The difference between debt and equity financing

There are two main financing methods for corporate, debt or equity financing. Debt financing is often the type of financing you get from traditional bank loans, and equity financing is often the financing of the venture capital you get from outside investors into your business. The benefit of debt financing is that it is limited and you will repay the debt to zero balance over time without any further obligations to the lender. The decline in debt financing is that traditional lenders will carefully study your business, including how long it exists, operating income, expenses, and loan collateral requiring hard assets. In addition, the lender will definitely want you [and any other person in charge of the organization] to personally guarantee the repayment of the loan. Another disadvantage of debt financing is that your organization will assume some other types of recurring payments [usually monthly payments], depending on the terms and conditions of the financing, which can absorb key cash flows, especially small businesses.

The advantage of equity financing or venture capital is that you will receive the currency in exchange for shares in your business in the form of stocks or other forms of equity [such as revenue percentage or total sales/net sales]. The main benefit of this type of financing is that monthly payments are usually not provided to investors. Instead, you usually give up the owner's equity permanently.

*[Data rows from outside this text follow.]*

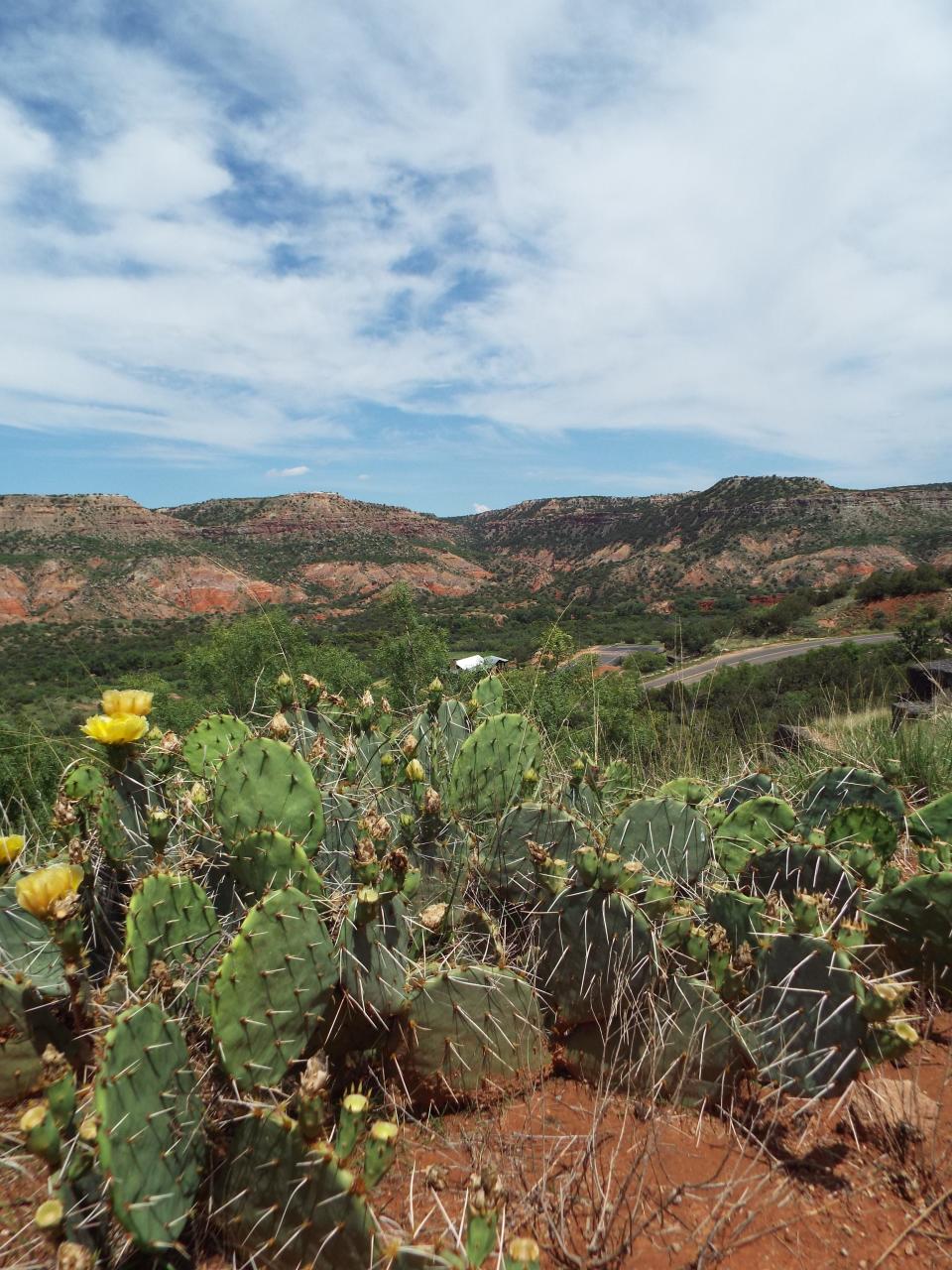 Palo Duro Canyon looks more beautiful than ever before with recent rainfall. But looks can be deceiving and though it is open, visitors need to follow rules and stay within limits set by the park and first responders.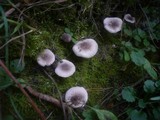 Tricholoma scalpturatum image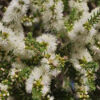 Melaleuca Snowstorm
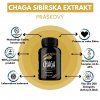CHAGA SIBÍRSKA EXTRAKT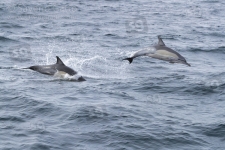Long-beaked Common Dolphin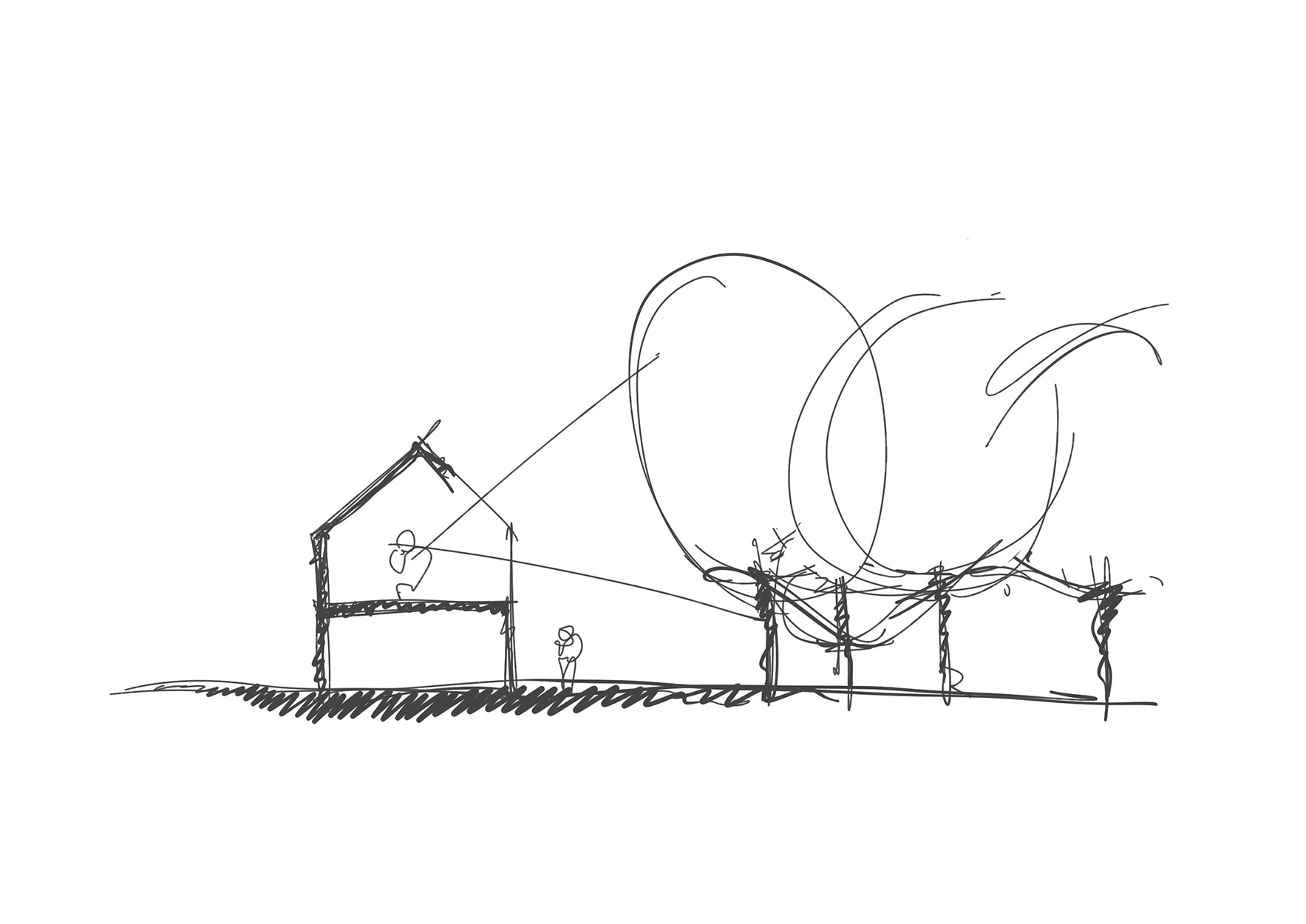 Sketch showing the proposed house in relation to the established beech tree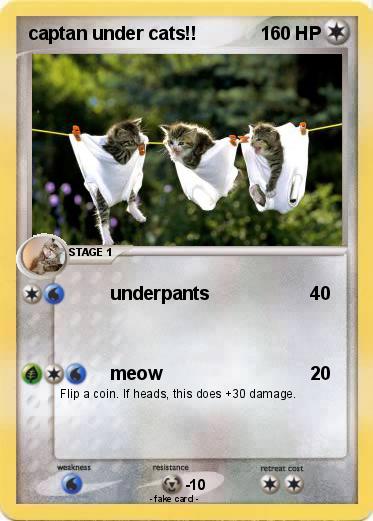 Pokemon captan under cats!!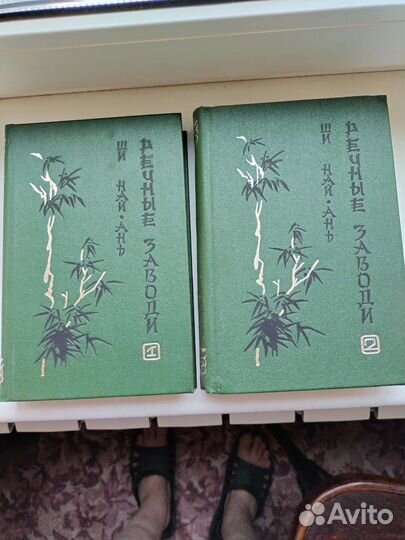 Ши Най Ань. Речные заводи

For example, traditional lenders, banks, and venture capitalists have very different views. Bankers need zero-risk or near-zero risk positions when providing financing, and rely almost entirely on the operational economics of the business with little regard for "potential future growth". They want to see strong cash flow supported by hard assets before they reach a deal - most small businesses lack or they don't seek financing, right? On the other hand, venture capitalists tend to think that the potential growth of the management team and future business is more important than the actual business figures, especially for small businesses with huge potential but few sales and little or no business history. Although these two types of credits differ in the way you analyze corporate funds, you can be sure to carefully review your business...

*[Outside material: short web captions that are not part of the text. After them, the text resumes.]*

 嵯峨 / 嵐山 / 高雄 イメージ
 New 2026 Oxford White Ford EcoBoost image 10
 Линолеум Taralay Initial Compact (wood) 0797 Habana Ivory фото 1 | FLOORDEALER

In addition to actual business economics and formal analysis, both types of lenders pay close attention to two specific documents: Your business plan. 2. Your bank or loan application package. If assembled correctly, the two documents can distinguish between success and failure when processing the credit type.

There are a lot of free SBA related materials that tell you how to create blue chip, boiler board business plans, but they are often perfect for a business rather than an ordinary Joe. If you are looking for some type of financing for your business, I highly recommend visiting our website and viewing our commercial eBooks. We have several topics related to each other, especially the two will be the real treasures you have. One is called Power Planning [a powerful report on writing various business plans] and how to raise money for your business [teaching you how to assemble a professional loan application package]. They cost $5 each and are worth millions of dollars in the hands of the right people. I don't want to hype a product, I just give you a look up.

Financial and commercial brokers pay close attention to the secrets of obtaining financing from any type of lender for a variety of reasons. The main thing is that it forces people like you to do business with them and they earn commissions. Although SBA materials are good, in most cases there is not enough street work to get the job done. The evidence lies in the pudding - what did SBA do for you? For most people, the SBA is just another bureaucratic nightmare behind the government. We also provide some links to venture capital firms in the commercial link area on our website on the Smart Link Zone page - it's all free.

Give it some thought... Your future may depend on it.